I briefly mentioned Prudence Crandall in one of my earliest blog posts, because I found a roadside marker dedicated to her in Elk Falls, Kansas. I was passing through the area, because my Ransom relations lived there in the 1880s, as did Prudence.

Though the Ransoms probably knew of her—the community had fewer than 1500 residents in 1880—they likely weren’t acquainted. Prudence stated to a friend in 1886 that few people in town would speak to her and she believed the local clergy thought she might “upset their religious beliefs.”

Prudence Crandall was born in 1803 in Hopkinton, Rhode Island, to Pardon and Esther (Carpenter) Crandall. She is my 3rd cousin 5x removed and we have several pairs of common ancestors. At age ten, her family relocated to Canterbury, Connecticut. Prudence was brought up Quaker, and became a Baptist in her late 20s.

 Prudence Crandall’s supporters commissioned Francis Alexander to paint this portrait of her in 1834 in Boston. The Bostonian abolitionists feted her during her stay to sit for the artist. (Wikimedia Commons)

She had a Black servant, Mariah Davis, who introduced her to The Liberator, the newspaper published by well-known abolitionist William Lloyd Garrison. She was ignited by what she read and determined to take up the cause. When the sister of Davis’s fiancé, Sarah Harris, asked to be admitted to Prudence’s school for girls in Canterbury in 1832, Prudence readily agreed. Harris came from a successful Black family and she planned to teach other Blacks.

The school had opened in 1831 to great local fanfare. Girls from families of high social standing attended the boarding school from around the region. But the locals in Canterbury were incensed by the admittance of a Black student and whites began withdrawing their daughters. Prudence made a fateful decision—she refused demands to dismiss Miss Harris. Instead, she converted her school to serve only Black students.

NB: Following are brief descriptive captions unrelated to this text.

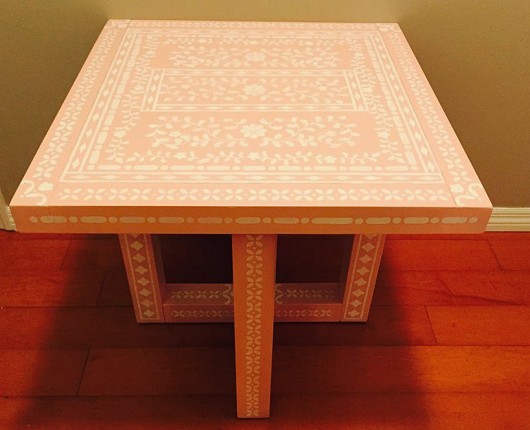 A DIY stenciled table in pink and white using the Indian Inlay Stencil Kit from Cutting Edge Stencils. http://www.cuttingedgestencils.com/indian-inlay-stencil-furniture.html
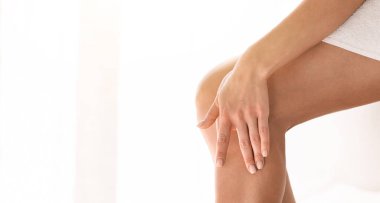 Kusursuz bir cilt, yumuşak dokunuş, epilasyon ve epilasyon. Mükemmel cilde sahip genç bir kadın, bacağa elle dokunur, banyoda, beyaz pencere zemininde, kırpılmış.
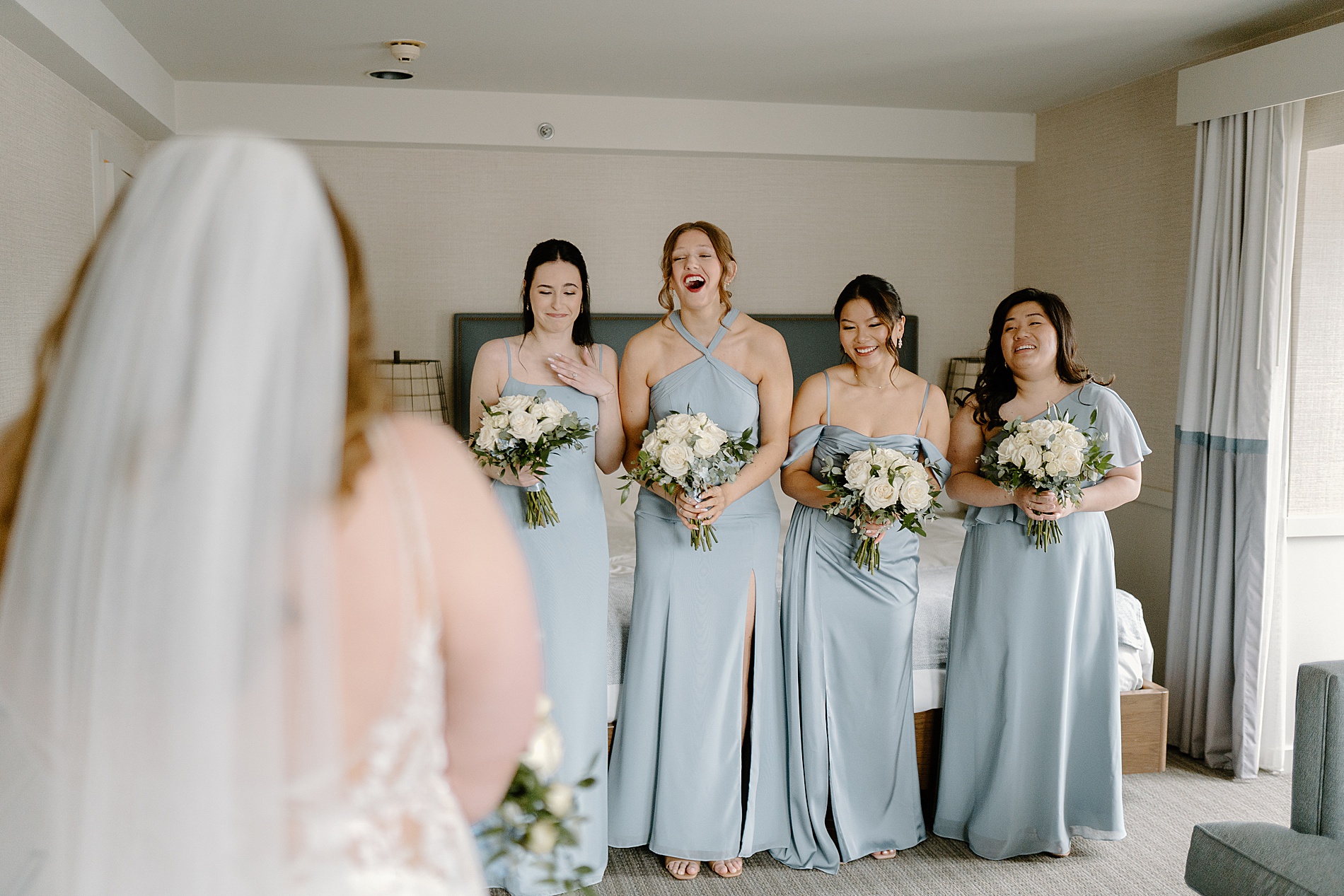 bridesmaids reaction to seeing bride in dress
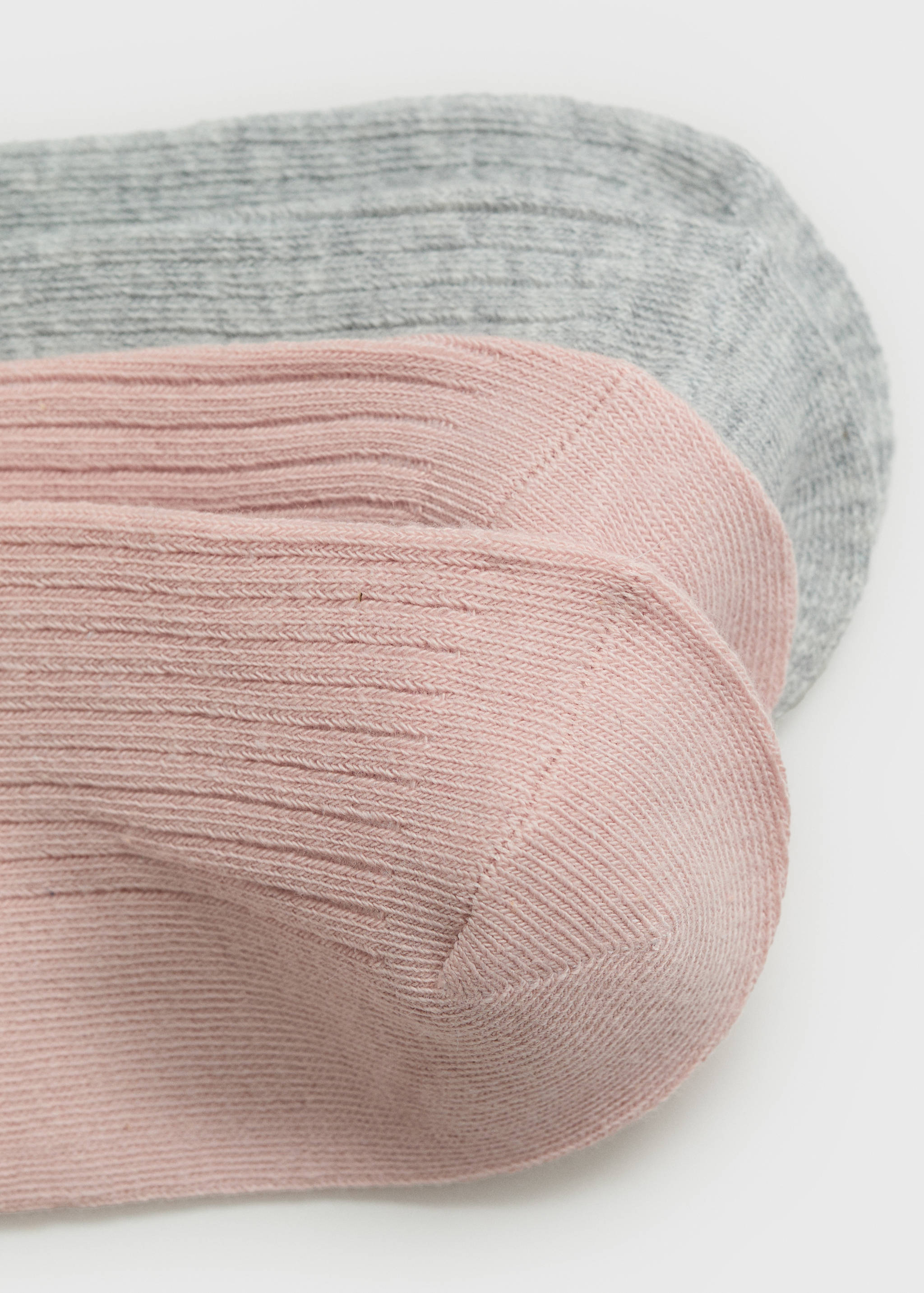 Close-up of soft pink and light grey ribbed socks.
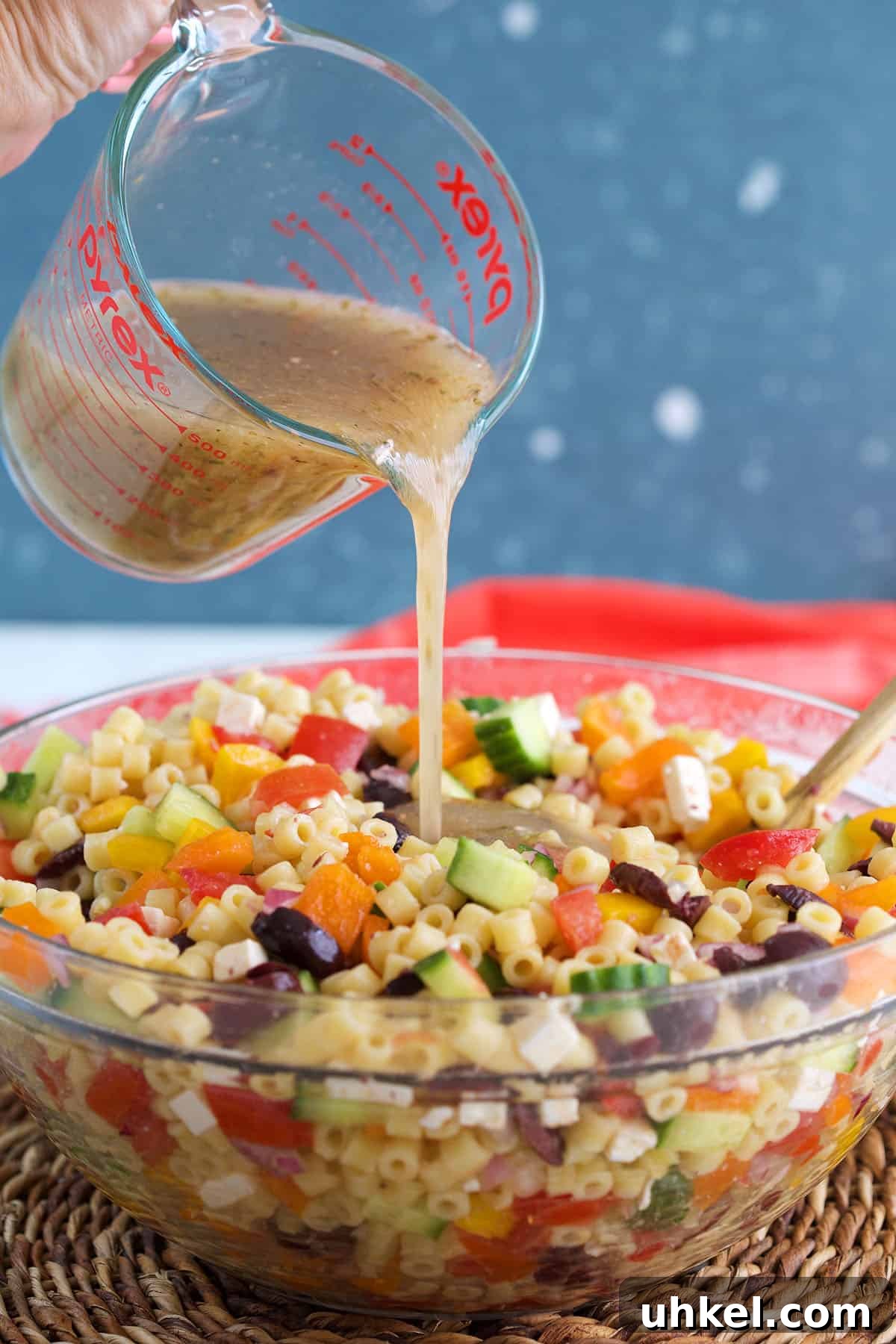 Greek Pasta Salad with Feta, Olives & Fresh Tomatoes 5 Greek Salad Dressing being poured over pasta salad in a glass bowl.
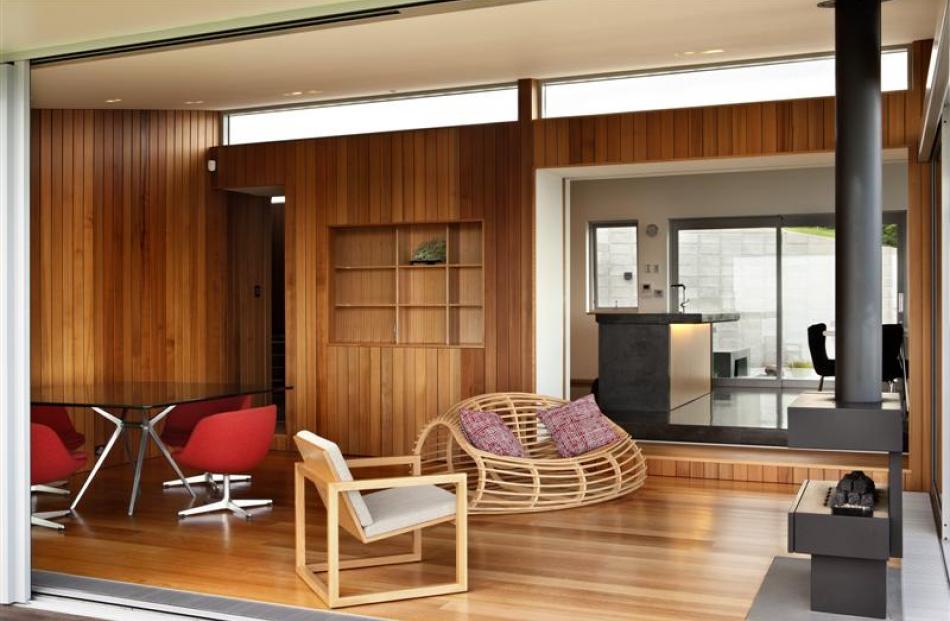 Looking into the cedar-lined summer room with the main living space and courtyard beyond.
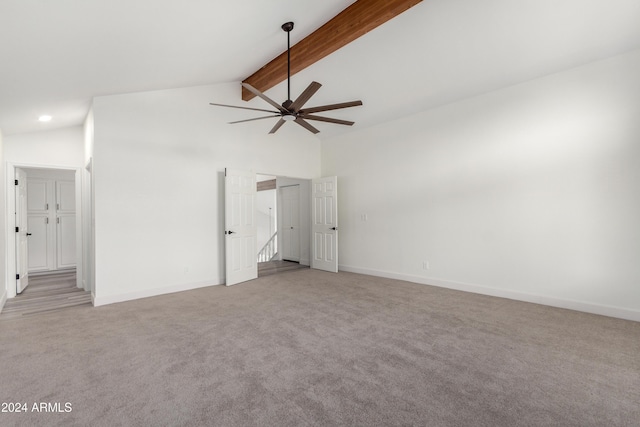 10338 E San Salvador Dr, Scottsdale, AZ 85258 - spare room featuring light carpet, a ceiling fan, beam ceiling, baseboards, and high vaulted ceiling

The ad that ran in The Liberator to promote Prudence’s school for “young Ladies and little Misses of color,” in February and March 1833. (Wikimedia Commons)

Public outcry grew ever shriller, but Prudence remained unruffled through it all. She had the backing of the abolition movement leaders and when the citizens petitioned the state government to pass a law that would shut the school down (they hoped), Arthur Tappan agreed to pay her legal fees.

The petition began as follows:

“Resolved, That the Government of the United States, the Nation with all its institutions, of right belong to the white men who now possess them, they were purchased by the valor and blood of their Fathers, and must never be surrendered to any other nation or race of men

Prudence was arrested for violating the resultant Connecticut “Black Law” that prohibited colored students from out of state attending schools without local approval. As a publicity stunt (which worked wonderfully well), Prudence’s backers did not post her bond and she spent a night in jail with a convicted murderer who was to be executed shortly. (A female companion also spent the night with her.)

Arthur Tappan, one of Prudence’s well-connected and wealthy supporters. (Wikimedia Commons)

The case went through three tiers of the county and state court system, eventually being dismissed on a procedural matter without resolving the central question of whether free Blacks could be citizens and hold citizens’ rights.

The case was included in the legal arguments made in the Dred Scott and Brown v. Board of Education decisions at the U.S. Supreme Court, and also influenced the 14th Amendment wording.

The school continued operating until September 1834, with Prudence and her students withstanding verbal and physical abuse, refusal of local merchants and drivers to serve them, and poisoning of the school’s well. People threatened her parents and siblings. Someone tried burning the school down.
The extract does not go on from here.